1. General Model Information
Name: PARCHED-THIRST
Acronym: PARCHED-THIRST
Main medium: air+terrestrial
Main subject: biogeochemistry, hydrology, agriculture
Organization level: Ecosystem
Type of model: ordinary differential equations
Main application: research, education, expert system/decision support
Keywords: rainwater harvesting, water conservation, climate generator, infiltration, runoff, soil-water model, crop growth, semi-arid tropics
Contact:
Mark Damion Bede Young
Department of Agricultural and Environmental Science
King George VI Building
University of Newcastle upon Tyne,
NE1 7RU, UK
Phone: 0191 222 6942
Fax: 0191 222 5228
email: m.d.b.young@ncl.ac.uk
Homepage: http://www.staff.ncl.ac.uk/m.d.b.young/index.html
Author(s):
Damion Young and John Gowing,
Abstract:
The PARCHED-THIRST Model has been developed over a period of four years with the aim of allowing users to quickly and easily simulate the most important processes in a rainwater harvesting system. It can also be applied to a range of other water conservation techniques through manipulation of its parameters. It is a process-based model with three main strengths:
- It can add value to experimental work by allowing us to extrapolate experimental results from one site to another and from one season to the next. The traditional approach to the transfer of a successful technology to other areas has been either to introduce the technique 'as is' and see if it works. If it fails (as is often the case) it not only creates suspicion of new technologies in the minds of the recipients, but in the worst cases it can lead to serious problems for the very group it was supposed to be helping. The alternative is to repeatedly test variations of the technology at each target site. While this is less likely to lead to failure, it, like the traditional approach, is wasteful of resources. PARCHED-THIRST can reduce this waste of resources and resistance to uptake by identifying best-bet options before any money, man-power or trust is committed.

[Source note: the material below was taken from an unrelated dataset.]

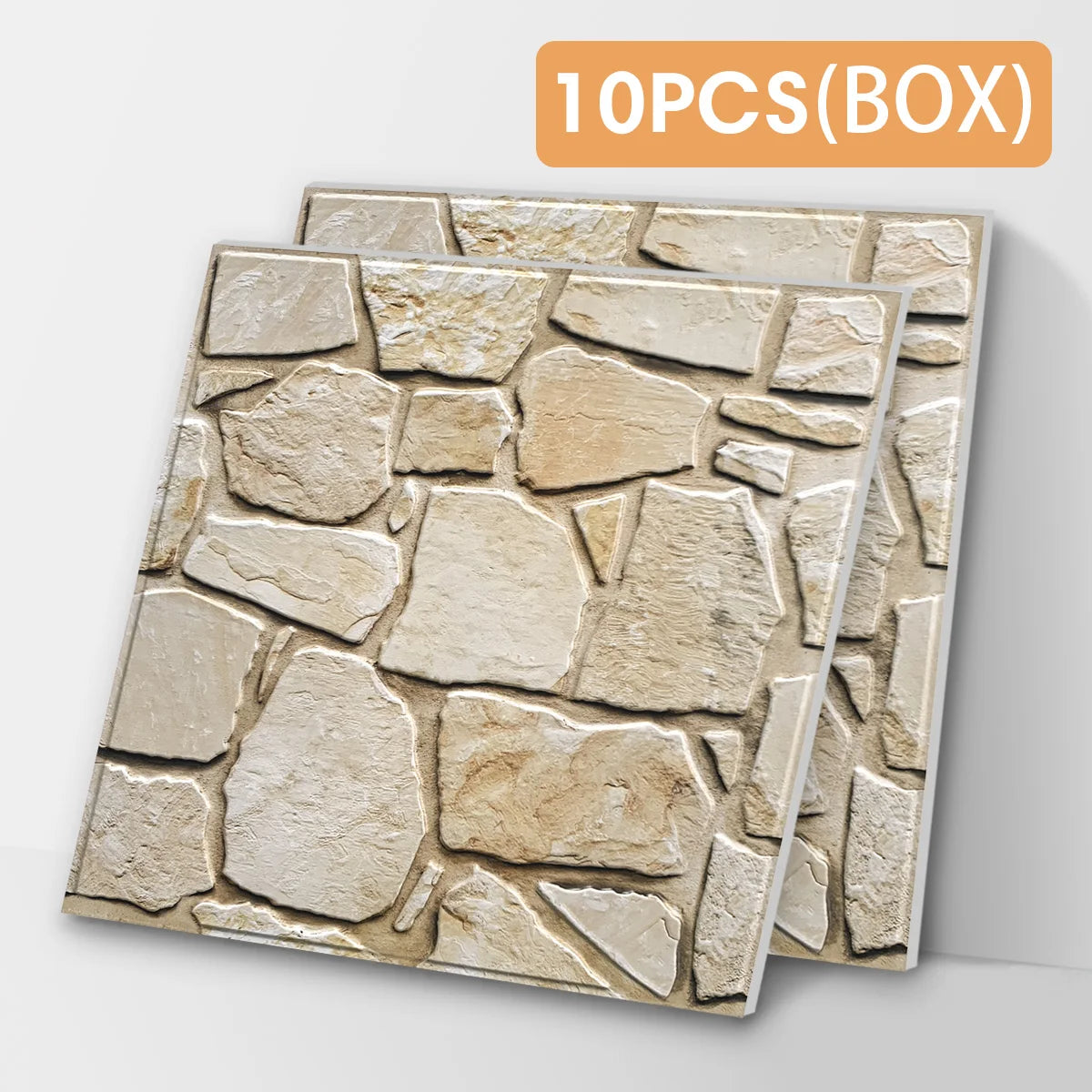 10 pcs, 3D PVC Faux Stone Waterproof Wall Panel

- In combination with tools such as Geographical Information Systems
(see Damion Young´s homepage:current work), it can be used to identify target areas with high success and uptake potential, reducing the resources wasted in areas with little promise for the new technology.
- By creating a framework for the study of the system it forces us to identify the
most important processes within a system, adding to our understanding of both the
processes themselves and the interactions with the other processes which make up the system.
To facilitate its use by those with only limited computer experience, the model is
programmed in Microsoft VisualBASIC which gives it an intuitive and easy to use
interface:
- Main Window from where the user controls all aspects of the PARCHED-THIRST
Model;
- Run-Time Window which dynamically displays progress with the simulation of a
number of important crop, soil and water variables.
- Climate Generator Main Window which controls and runs all aspects of the
PARCHED-THIRST Climate Generator;
- Climate Generator Summary Window where the user can compare the statistical
properties of observed and generated climate data.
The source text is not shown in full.